For inverse trigonometric functions:

• Domain represents the set of values the original trigonometric function can never exceed.
• Range identifies the angles or results you will obtain from the inverse function.

These definitions play a significant role in determining how we interpret the inverse trigonometric functions and apply them in mathematical problems.

The inverse sine function, represented as \( \sin^{-1} \) or \( \arcsin \), is used to find an angle whose sine value gives a specific number.

In terms of domain and range:

• The domain of \( \sin^{-1} \) is \([-1, 1]\). This is because no sine of a real angle can be more than 1 or less than -1.
• The range of \( \sin^{-1} \) is \([-\pi/2, \pi/2]\). This is because the inverse sine covers the entire first and fourth quadrants.

These values ensure that the inverse sine function returns only the principal value or the main angle for a sine function.

The inverse cosine function, denoted as \( \cos^{-1} \) or \( \arccos \), helps find an angle whose cosine equals a given number.

For the inverse cosine function:

• The domain is \([-1, 1]\).
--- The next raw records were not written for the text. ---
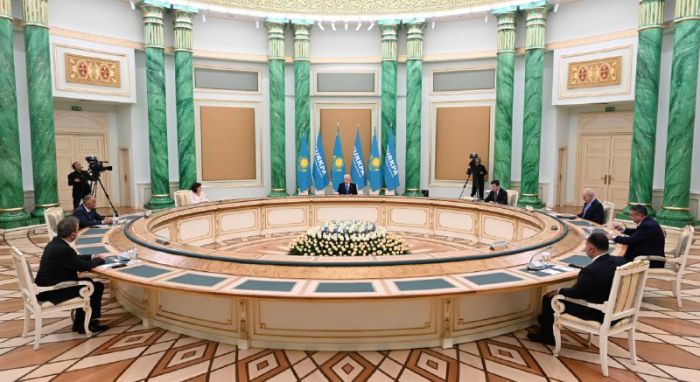 Президент провел встречу со спикерами парламентов стран – участниц ТюркПА 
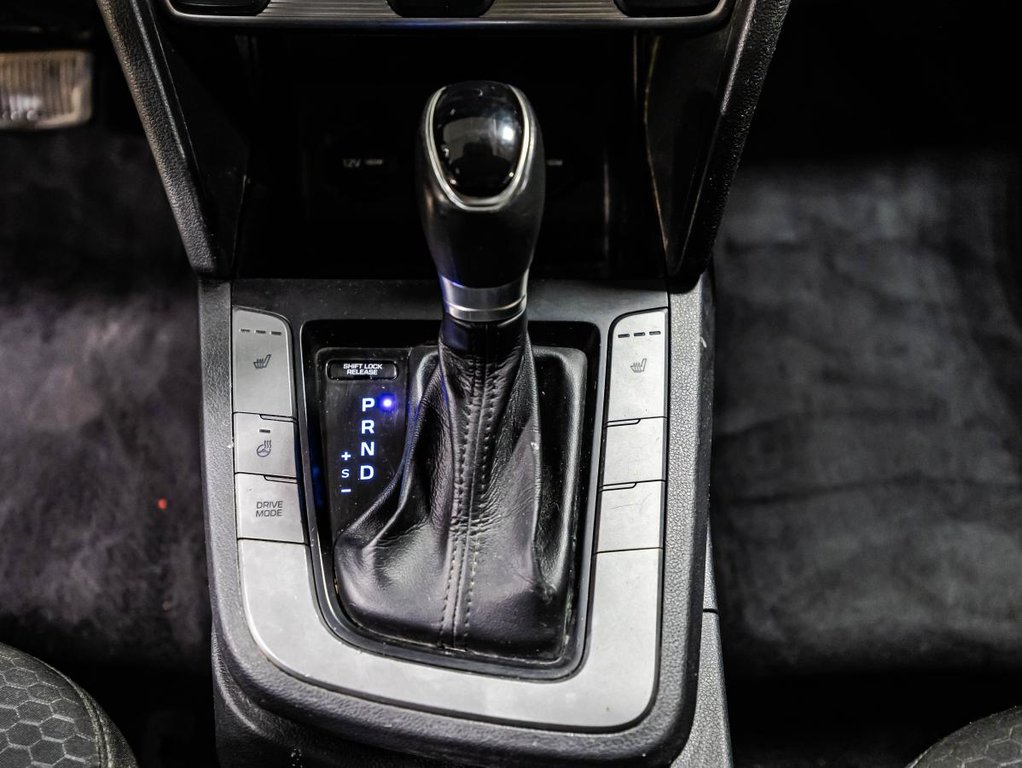 Hyundai Elantra Preferred w/Sun & Safety Package I 2020 à , Québec - 26 - w1024h768px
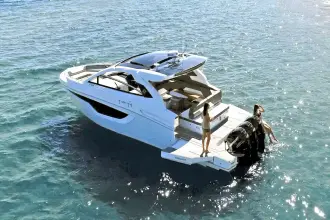 Thumbnail von Cruisers Yachts 42 GLS OB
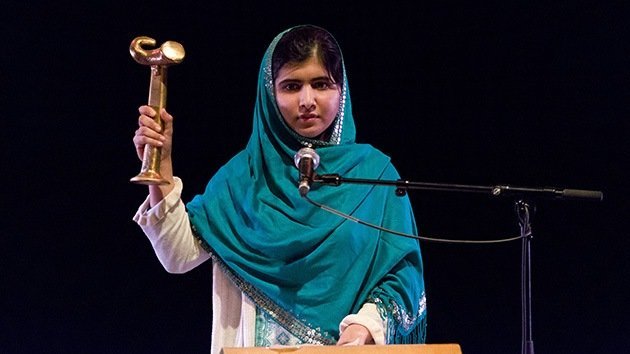 Talibán planea un nuevo ataque contra la joven activista Malala Yousafzai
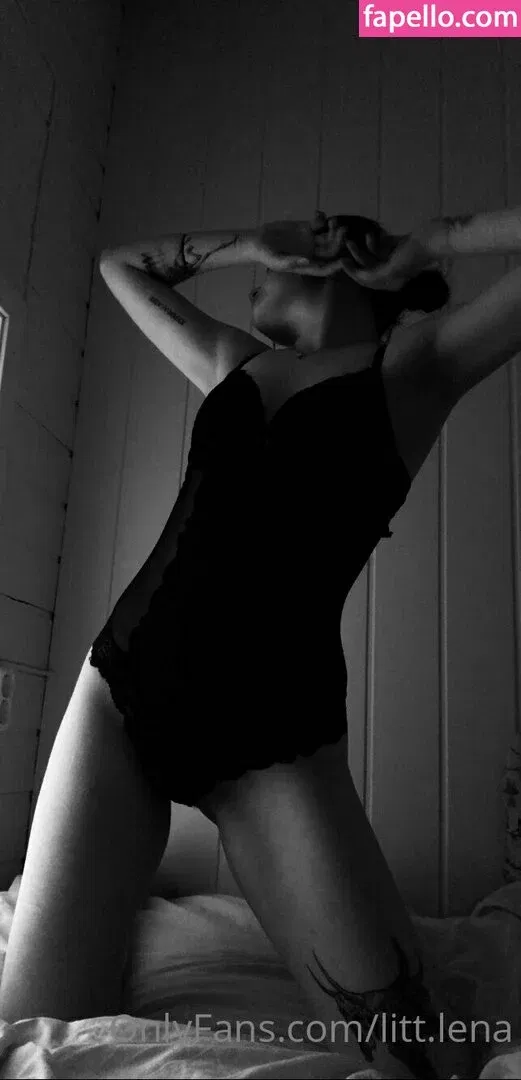 So__lena / so.lenaa Onlyfans Photo Gallery 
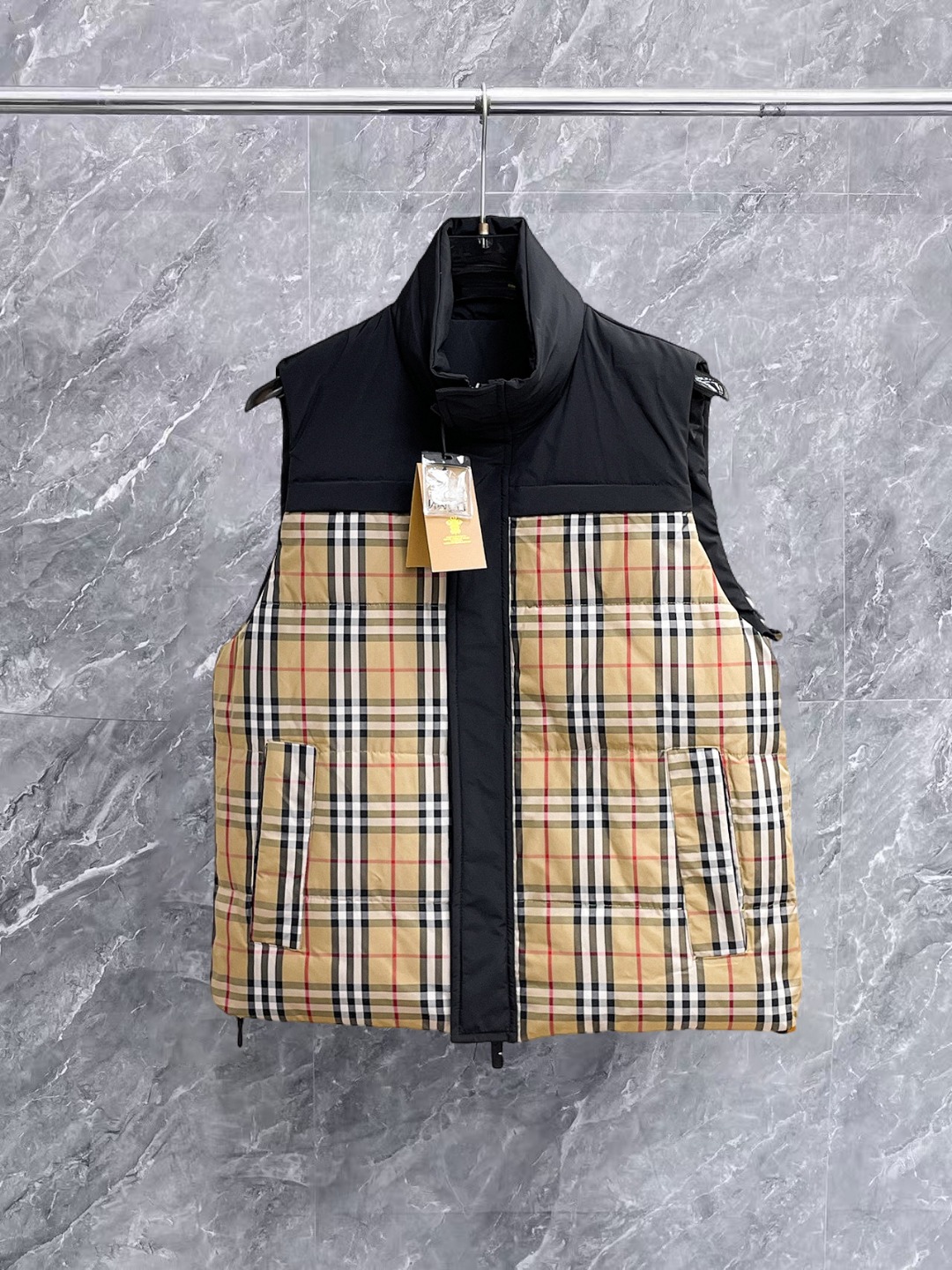 NO:657125,Burberry men's down vest, 2025 autumn and winter new style, an essential item in late autumn and early winter, 90% white duck down inside, imported jacquard fabric, first-class feel!  The lining is full of velvet, has high fluffiness, and has excellent warmth retention properties!  Color Black Size M-3XL,,burberry,down jacket,alexander wang19860909巴宝莉 男士羽绒马甲,2025秋冬新款,秋末初冬季节必不可少的单品,内里90白鸭绒,客供进口提花面料,手感一流！内里充绒饱满蓬松度高,保暖性能超赞！ 颜色黑色 码数M-3XL,,burberry,down jacket,alexander wang,Men's clothing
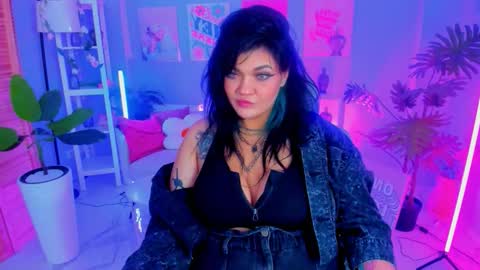 Mary online show from 17, 10, 2025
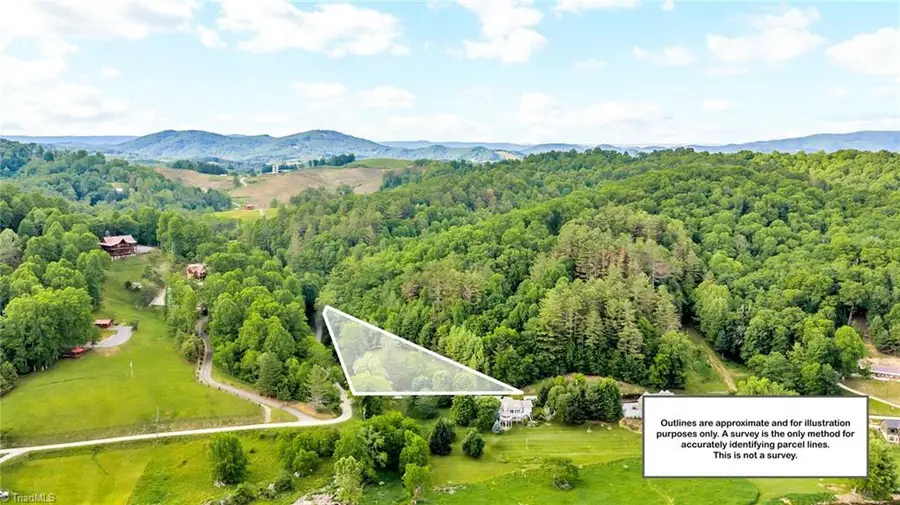 7 Legra Road, Grassy Creek, NC 28631 - #3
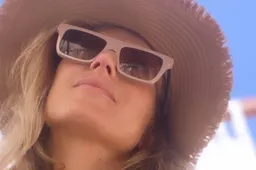 Karl Vannieuwkerke ziet stralende Caroline in compleet doorzichtige outfit niets aan verbeelding overlaten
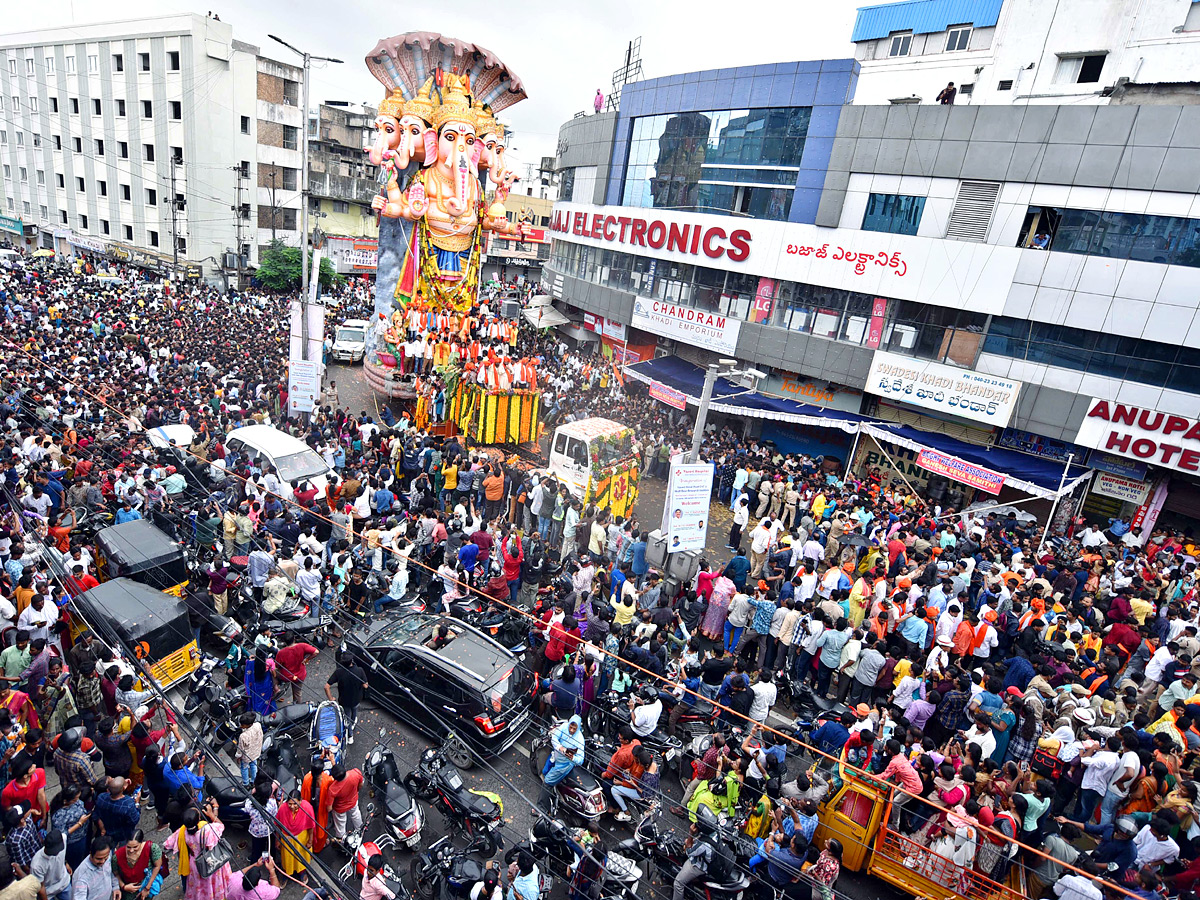 khairatabad ganesh nimajjanam Photo Gallery - Sakshi4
Like sine, cosine values range between -1 and 1.
• The range of \( \cos^{-1} \) is \([0, \pi]\), covering angles in the first and second quadrants.

This range is crucial as it provides the principal angle, or the most common measurement, for an angle whose cosine has a real value.

Inverse tangent, labeled as \( \tan^{-1} \) or \( \arctan \), calculates the angle whose tangent results in a specified value.

In terms of domain and range, \( \tan^{-1} \) showcases:

• A domain of \(( -\infty, \infty )\). Tangent values are not bounded, which means any real number is a possible input.
• A range of \((-\pi/2, \pi/2)\). This range is based on the fact that tangent functions repeat every \(\pi\) radians, but for \( \tan^{-1} \), it focuses on angles from the first and fourth quadrants.

The inverse tangent is unique in allowing complete functionality over all real numbers, making it particularly versatile for applications.